A framed picture of Wellington man Samuel Fischer sits next to his mother as an inquest into his death begins in the capital.
Coroner Peter Ryan begun an inquest into the cause of death of the 34-year-old on Tuesday, who died in the care of Capital & Coast DHB (CCDHB) in April 2015.
Fischer died in Wellington Hospital's ICU after an incident in his room, believed to be a suspected suicide, in a secure mental health recovery unit.
Fischer had an extensive mental health history extending back to the 1990s. He was diagnosed with bipolar disorder complicated by cannabis and alcohol substance abuse.
He was admitted voluntarily to the crisis mental health team in early 2015 and kept in the acute inpatient unit under the Mental Health Act as a patient for three months.

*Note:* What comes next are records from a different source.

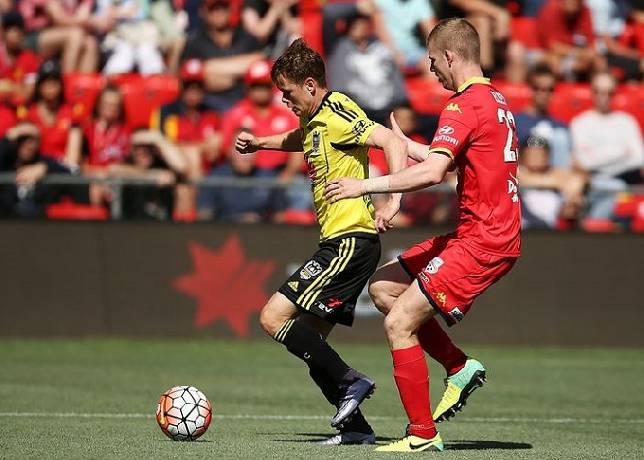 Phân tích tỷ lệ kèo hiệp 1 Adelaide United vs Wellington Phoenix, 15h45 ngày 4/1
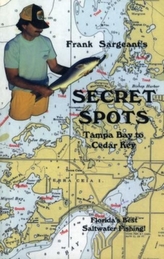  Secret Spots--Tampa Bay to Cedar Key
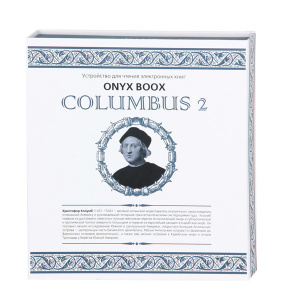   OnyxBoox Columbus 2, Black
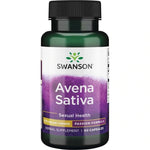 Avena Sativa, 575mg - 60 caps - Swanson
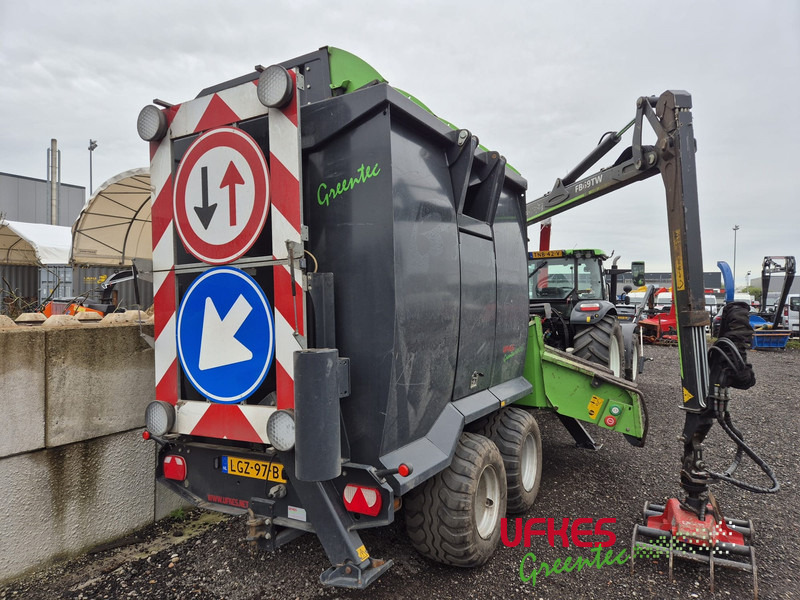 Greentec Cheetah 30/8 chipper combi - Šķeldotājs: foto 4 Greentec Cheetah 30/8 chipper combi - Šķeldotājs: foto 4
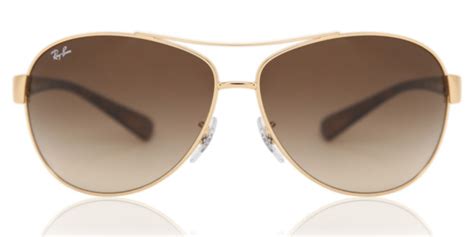 Ray Ban Rb3386 Active Lifestyle 001 13 Sunglasses Arista Gold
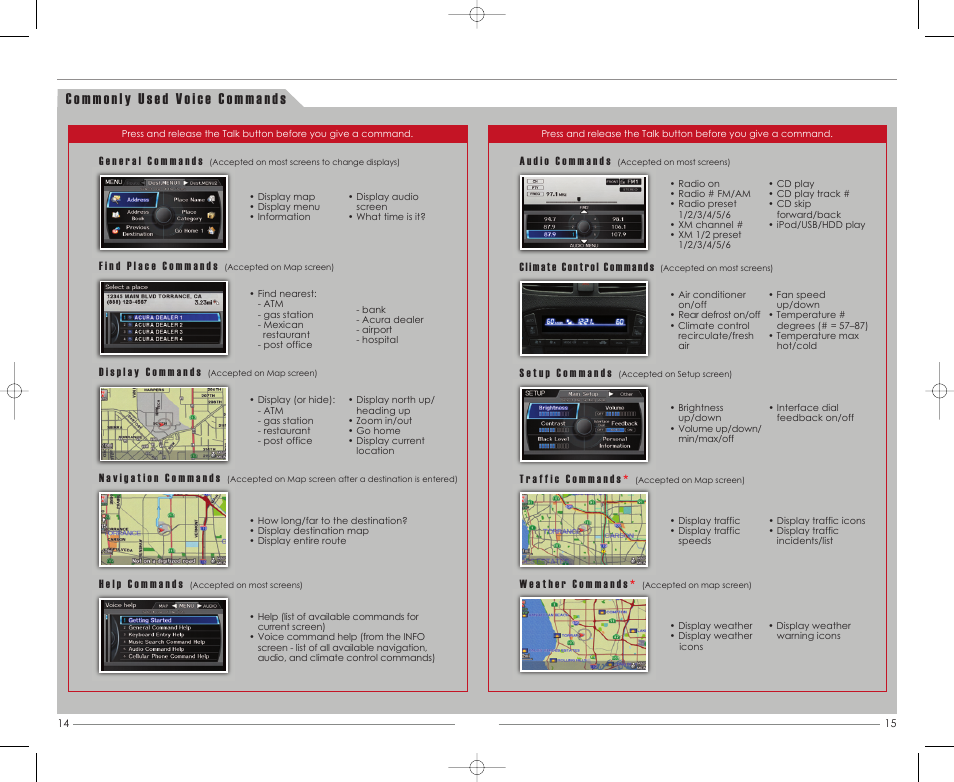 P. 15 | Acura 2013 MDX - Advanced Technology Guide (Tech) User Manual | Page 9 / 20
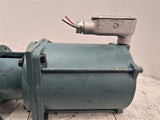 Slo Syn X1500 GearMotor 72RPM Single Phase 120V 1500 Torque oz-In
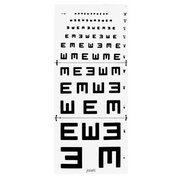 Armaignac Illiterate Reading Test Scale 5M - JOLETI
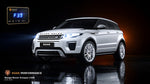 Range Rover Evoque L538 2016-2018 with Roar throttle controller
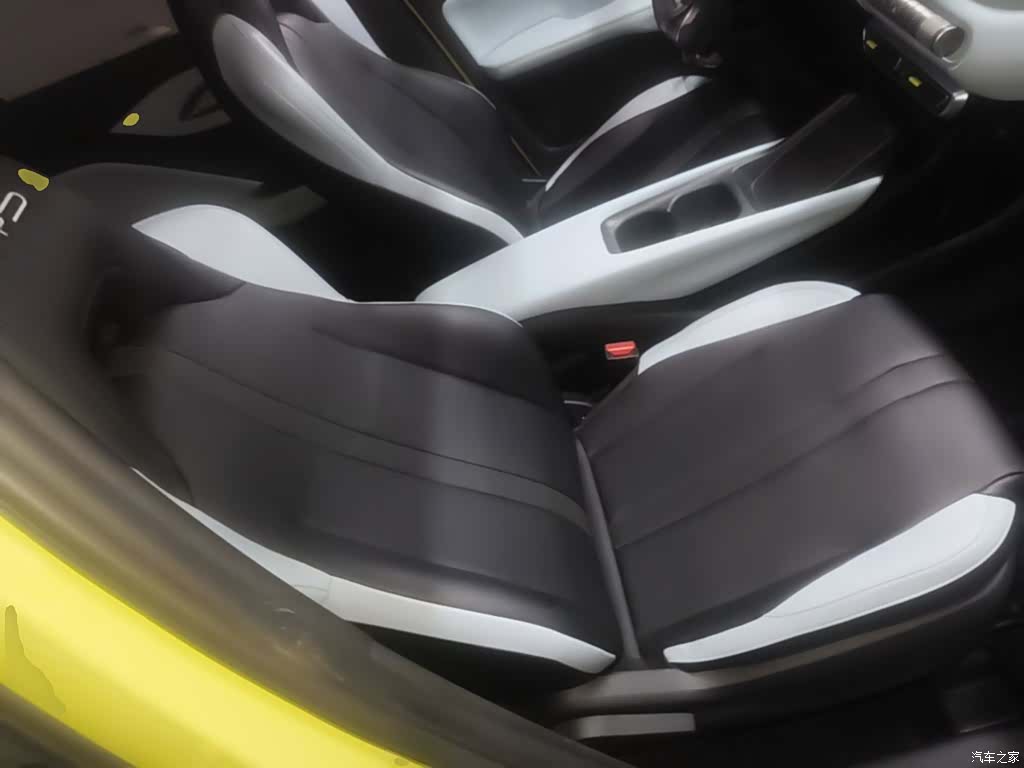 BYD Seagull, 2024 25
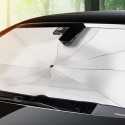 Car Sun Visor Auto Sunshade Cover Interior Front Windshield Sun UV Protector Parasol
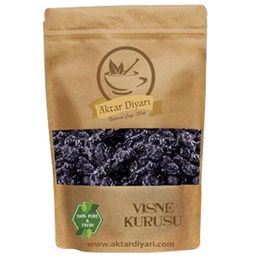 Aktar Diyarı 250 gr Vişne Kurusu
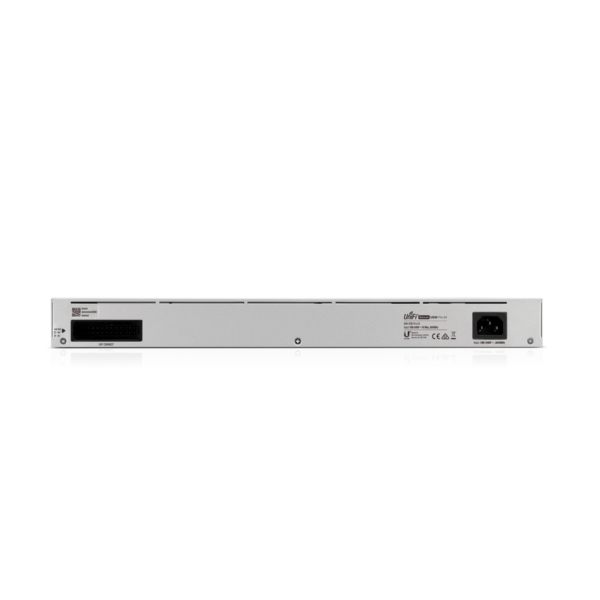 Ubiquiti Switch full managed Layer3 26 Port • 24x GbE • 2x SFP+ • 19" • Lüfterlos • UniFi • USW-Pro-24 – Bild 3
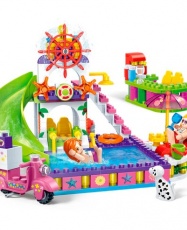 BLOQUES TRENDY BEACH 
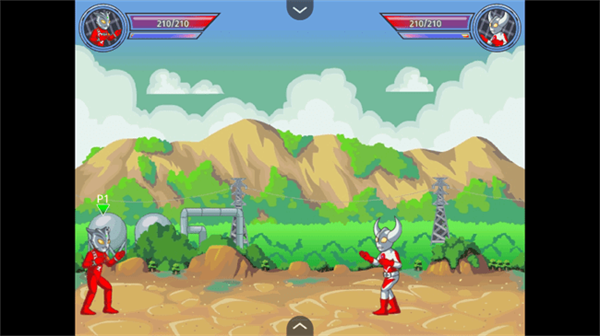 奥特曼格斗传说2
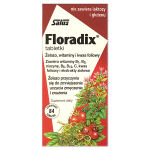 Gaia Herbs tabletki żelaza Floradix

Detective Sergeant Terrance Fraser was the first to give evidence at Wellington District Court this morning on behalf of police.
Fraser said police had been aware of seven incidents of Fischer harming or attempting suicide between 2000 and 2010.
They included overdosing on drugs and mentioning he had "had enough".
Fraser said that on April 17, 2015, it was reported Fischer had been banging his head on a wall in a bathroom.
His mood appeared to be low and a nurse spent time reassuring and assessing him.
Fischer said "he was tired of it all and wanted it to be over". When his mood improved, he wanted some quiet time to play guitar in his room.
A nurse left him at 5.20pm and said they would come back and check at 6pm.
At that time Fischer was found in his room unresponsive and was transferred to hospital. He died three days later.
His mother, Lyn Copland, took a case against the health board over his death.
In a 2017 Give A Little fundraising page, Copland said she "can't get her boy back, but she's determined to expose the mental health system's flaws".
"Sam Fischer died in the one place he should have been safe - Wellington Hospital's secure mental health unit.
"I want Sam's legacy to be improving the mental health system for others."
The DHB reached a settlement with Copland in April 2018.
In a statement, they said Sam was well liked by staff who knew and cared for him, and they have all felt his loss.
"The key recommendations from the serious adverse event review have been actioned."
A CCDHB staff member gave evidence at the inquest and said the assessment and treatment of Fischer "did not fall below expected standards".
They said the board has accepted all findings and recommendations in previous reports into the death and responded accordingly.
One report said the risk of attempted suicide should've been a more prominent feature in Fischer's management at the time and documentation surrounding risk management should've been better.
The DHB accepted risk documentation wasn't adequate.
The staff member said there had been a significant improvement and immediacy in day by day records since, with a client pathway and shared digital client records shared between the three DHBs in the region.
The inquest is continuing for several days.